Now, if you’ve heard one speech of Rubio’s, you’ve of course heard them all. One talking point he throws out often is “American Exceptionalism.” Sound familiar? I was recently talking to someone about that who said to me “I don’t even know what that means.” Well, here’s one answer:
Barton’s primary message Wednesday – and most days – is that the U.S. was founded as a Christian nation, was intended to be a Christian nation and would be a whole lot better if everyone started buying into that. Barton traces a number of social ills, for example, back to the prohibition of compulsory prayer in public schools.
Barton is an engaging ball of energy, riffing on the Founding Fathers and proclaiming “American Exceptionalism” – a staple of Rubio’s stump speech. Trouble is, many historians and religion researchers say Barton’s scholarship doesn’t match his salesmanship.
Critics say he bends historical events to suit his Christian worldview.
Julie Ingersoll, an associate professor of religious studies at the University of North Florida, described Barton recently as a “purveyor of revisionist history” who is savvy enough to build credible, if thinly supported, arguments.
“Some historical points Barton makes are true,” Ingersoll wrote in the online journal Religion Dispatches, “but he and his star pupil Beck manipulate those points along with false historical claims in order to promote their political agenda.”

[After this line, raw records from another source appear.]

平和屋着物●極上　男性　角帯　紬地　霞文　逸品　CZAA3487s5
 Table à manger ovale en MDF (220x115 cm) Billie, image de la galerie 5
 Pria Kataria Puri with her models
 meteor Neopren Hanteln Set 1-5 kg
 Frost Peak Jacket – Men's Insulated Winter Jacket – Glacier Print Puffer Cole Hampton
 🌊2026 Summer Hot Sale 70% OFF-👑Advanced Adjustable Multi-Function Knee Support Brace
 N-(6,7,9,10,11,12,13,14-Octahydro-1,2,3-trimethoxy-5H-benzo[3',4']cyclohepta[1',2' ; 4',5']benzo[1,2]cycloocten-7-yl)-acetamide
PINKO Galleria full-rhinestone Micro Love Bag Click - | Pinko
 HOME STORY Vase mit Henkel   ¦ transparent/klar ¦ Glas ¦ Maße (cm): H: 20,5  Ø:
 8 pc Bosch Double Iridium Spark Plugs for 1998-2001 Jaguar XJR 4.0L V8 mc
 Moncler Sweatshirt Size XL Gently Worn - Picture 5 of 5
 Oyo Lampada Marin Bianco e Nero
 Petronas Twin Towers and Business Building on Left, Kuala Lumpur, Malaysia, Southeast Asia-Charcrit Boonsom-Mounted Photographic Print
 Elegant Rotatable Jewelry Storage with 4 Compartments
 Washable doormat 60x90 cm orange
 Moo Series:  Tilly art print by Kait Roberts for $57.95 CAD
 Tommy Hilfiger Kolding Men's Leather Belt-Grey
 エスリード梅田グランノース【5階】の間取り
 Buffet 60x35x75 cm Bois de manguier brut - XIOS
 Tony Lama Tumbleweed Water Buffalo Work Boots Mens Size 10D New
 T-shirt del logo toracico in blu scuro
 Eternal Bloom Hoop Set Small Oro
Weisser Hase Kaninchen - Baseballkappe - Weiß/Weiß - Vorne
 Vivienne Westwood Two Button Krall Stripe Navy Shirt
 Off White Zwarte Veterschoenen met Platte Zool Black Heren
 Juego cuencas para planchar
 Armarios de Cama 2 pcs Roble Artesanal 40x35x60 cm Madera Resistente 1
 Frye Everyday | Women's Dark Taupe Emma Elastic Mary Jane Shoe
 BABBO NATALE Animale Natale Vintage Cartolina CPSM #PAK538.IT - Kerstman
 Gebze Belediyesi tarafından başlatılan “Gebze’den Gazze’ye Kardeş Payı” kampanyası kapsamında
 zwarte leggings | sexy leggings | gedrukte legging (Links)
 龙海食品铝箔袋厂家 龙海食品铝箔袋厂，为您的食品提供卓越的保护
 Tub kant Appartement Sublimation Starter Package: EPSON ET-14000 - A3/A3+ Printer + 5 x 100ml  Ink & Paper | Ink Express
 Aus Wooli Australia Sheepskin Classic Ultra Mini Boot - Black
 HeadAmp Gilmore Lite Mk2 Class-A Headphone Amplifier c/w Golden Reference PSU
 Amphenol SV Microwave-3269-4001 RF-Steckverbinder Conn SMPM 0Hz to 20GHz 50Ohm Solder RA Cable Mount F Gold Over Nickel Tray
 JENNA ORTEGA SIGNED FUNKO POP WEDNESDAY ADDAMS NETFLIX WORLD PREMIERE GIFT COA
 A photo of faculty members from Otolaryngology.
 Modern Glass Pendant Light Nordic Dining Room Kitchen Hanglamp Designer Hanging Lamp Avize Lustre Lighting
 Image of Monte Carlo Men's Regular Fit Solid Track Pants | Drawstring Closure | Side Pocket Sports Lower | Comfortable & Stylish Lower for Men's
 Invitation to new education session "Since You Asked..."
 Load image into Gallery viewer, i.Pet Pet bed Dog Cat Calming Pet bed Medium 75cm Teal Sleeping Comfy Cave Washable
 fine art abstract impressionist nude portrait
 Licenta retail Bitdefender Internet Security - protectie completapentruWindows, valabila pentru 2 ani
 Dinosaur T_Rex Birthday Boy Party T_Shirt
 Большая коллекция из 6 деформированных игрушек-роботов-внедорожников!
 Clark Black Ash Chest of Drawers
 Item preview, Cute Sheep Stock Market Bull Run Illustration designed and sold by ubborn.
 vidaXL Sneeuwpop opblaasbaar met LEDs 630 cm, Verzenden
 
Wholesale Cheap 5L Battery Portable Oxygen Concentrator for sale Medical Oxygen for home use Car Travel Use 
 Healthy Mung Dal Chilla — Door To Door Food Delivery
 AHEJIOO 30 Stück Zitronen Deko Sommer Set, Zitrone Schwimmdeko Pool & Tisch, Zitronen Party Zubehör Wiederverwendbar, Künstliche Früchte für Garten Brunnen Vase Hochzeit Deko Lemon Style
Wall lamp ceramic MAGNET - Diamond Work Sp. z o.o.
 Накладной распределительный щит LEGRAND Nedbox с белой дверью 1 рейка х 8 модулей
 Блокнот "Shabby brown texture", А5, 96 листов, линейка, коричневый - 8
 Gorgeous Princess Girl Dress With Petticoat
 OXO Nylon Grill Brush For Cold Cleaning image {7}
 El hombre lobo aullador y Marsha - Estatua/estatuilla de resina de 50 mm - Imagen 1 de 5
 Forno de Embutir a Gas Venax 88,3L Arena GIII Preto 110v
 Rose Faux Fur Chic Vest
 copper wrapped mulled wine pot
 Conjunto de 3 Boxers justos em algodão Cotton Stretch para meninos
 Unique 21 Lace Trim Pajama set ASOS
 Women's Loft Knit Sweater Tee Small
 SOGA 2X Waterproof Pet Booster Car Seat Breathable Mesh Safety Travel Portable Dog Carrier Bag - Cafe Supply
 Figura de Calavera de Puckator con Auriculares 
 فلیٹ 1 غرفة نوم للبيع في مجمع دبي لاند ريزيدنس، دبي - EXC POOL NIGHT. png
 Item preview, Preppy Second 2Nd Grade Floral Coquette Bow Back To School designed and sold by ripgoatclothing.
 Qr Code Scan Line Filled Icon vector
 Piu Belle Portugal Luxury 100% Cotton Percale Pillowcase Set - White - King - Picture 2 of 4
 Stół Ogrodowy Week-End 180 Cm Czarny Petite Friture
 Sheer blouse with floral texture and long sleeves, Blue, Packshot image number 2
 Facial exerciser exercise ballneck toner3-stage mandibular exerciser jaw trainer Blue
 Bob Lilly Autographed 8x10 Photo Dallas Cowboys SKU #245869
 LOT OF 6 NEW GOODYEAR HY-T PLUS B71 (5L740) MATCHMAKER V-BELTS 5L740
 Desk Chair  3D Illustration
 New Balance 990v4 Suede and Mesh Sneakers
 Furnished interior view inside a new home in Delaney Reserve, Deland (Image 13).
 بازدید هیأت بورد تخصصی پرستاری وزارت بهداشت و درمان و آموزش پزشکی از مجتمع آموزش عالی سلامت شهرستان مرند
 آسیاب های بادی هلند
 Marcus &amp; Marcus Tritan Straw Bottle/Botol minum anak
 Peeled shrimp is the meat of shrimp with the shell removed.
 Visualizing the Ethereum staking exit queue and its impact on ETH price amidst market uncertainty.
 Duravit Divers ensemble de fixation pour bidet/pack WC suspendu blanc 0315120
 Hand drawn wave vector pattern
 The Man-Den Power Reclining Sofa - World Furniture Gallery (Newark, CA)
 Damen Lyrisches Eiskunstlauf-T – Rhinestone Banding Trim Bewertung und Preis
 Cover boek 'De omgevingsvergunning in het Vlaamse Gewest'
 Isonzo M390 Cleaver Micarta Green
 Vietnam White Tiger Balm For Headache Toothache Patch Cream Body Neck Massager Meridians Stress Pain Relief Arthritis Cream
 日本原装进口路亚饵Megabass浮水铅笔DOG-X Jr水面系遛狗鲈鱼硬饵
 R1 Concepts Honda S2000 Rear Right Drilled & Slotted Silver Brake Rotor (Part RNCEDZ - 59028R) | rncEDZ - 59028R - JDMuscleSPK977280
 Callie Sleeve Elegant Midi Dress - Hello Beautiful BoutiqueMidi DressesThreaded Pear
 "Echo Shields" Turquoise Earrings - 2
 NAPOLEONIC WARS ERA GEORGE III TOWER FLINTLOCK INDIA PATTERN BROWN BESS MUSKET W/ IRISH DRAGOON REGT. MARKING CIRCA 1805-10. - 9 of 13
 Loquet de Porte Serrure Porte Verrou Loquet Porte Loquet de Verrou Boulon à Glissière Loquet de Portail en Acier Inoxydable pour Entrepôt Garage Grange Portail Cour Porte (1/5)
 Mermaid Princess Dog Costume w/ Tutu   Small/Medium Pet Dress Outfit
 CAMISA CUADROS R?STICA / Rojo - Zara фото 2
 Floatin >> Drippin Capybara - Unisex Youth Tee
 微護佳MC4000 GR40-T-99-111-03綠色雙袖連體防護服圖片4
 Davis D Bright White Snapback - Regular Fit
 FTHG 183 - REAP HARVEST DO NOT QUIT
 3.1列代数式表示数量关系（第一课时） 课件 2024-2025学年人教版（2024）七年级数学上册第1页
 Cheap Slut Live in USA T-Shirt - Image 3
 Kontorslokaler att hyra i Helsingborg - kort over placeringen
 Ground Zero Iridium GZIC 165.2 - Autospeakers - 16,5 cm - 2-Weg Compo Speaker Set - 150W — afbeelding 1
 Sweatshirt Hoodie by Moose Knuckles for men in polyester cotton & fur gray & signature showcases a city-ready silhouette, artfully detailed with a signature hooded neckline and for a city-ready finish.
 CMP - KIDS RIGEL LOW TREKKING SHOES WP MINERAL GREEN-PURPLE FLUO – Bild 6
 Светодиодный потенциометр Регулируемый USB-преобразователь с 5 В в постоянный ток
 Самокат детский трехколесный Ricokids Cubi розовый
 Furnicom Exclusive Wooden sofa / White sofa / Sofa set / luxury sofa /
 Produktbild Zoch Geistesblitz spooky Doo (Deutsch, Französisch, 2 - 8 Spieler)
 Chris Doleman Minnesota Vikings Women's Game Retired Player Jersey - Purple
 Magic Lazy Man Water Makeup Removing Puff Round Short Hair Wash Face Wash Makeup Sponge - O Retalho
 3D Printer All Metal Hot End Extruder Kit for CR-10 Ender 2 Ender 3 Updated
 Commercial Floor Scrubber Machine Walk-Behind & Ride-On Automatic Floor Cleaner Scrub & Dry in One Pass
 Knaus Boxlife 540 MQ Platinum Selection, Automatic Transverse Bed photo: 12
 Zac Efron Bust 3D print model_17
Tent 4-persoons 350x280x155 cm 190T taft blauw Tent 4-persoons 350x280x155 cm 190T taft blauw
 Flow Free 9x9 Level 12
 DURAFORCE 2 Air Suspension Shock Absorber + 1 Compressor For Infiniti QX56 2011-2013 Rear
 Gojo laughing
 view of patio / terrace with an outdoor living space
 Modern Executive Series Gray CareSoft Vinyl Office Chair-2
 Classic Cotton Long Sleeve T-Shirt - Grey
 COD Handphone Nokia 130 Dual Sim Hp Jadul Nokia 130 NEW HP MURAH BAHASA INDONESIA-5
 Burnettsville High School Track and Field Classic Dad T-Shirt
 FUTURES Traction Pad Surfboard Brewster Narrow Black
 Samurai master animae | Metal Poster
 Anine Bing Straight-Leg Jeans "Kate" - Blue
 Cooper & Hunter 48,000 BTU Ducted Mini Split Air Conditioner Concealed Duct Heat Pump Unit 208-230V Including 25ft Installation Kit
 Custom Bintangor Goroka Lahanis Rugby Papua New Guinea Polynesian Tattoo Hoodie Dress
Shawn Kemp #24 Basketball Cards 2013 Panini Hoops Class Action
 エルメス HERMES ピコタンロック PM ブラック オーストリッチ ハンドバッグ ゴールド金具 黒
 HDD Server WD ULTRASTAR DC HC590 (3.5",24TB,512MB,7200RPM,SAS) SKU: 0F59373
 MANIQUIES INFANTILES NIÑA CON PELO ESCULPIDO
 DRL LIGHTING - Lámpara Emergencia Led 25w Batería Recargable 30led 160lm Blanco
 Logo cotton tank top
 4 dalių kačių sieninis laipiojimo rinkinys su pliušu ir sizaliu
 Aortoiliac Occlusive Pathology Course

Barton, for example, has declared the separation of church and state to be mythical, claiming that Thomas Jefferson, when he coined the phrase, meant for the wall to be “one-directional” – designed to protect the church from government interference but never intended to remove Christianity from government. Most historians dismiss his interpretation as badly off the mark.
Maybe Marco Rubio might want to expand a little on what his definition of “American Exceptionalism” is exactly.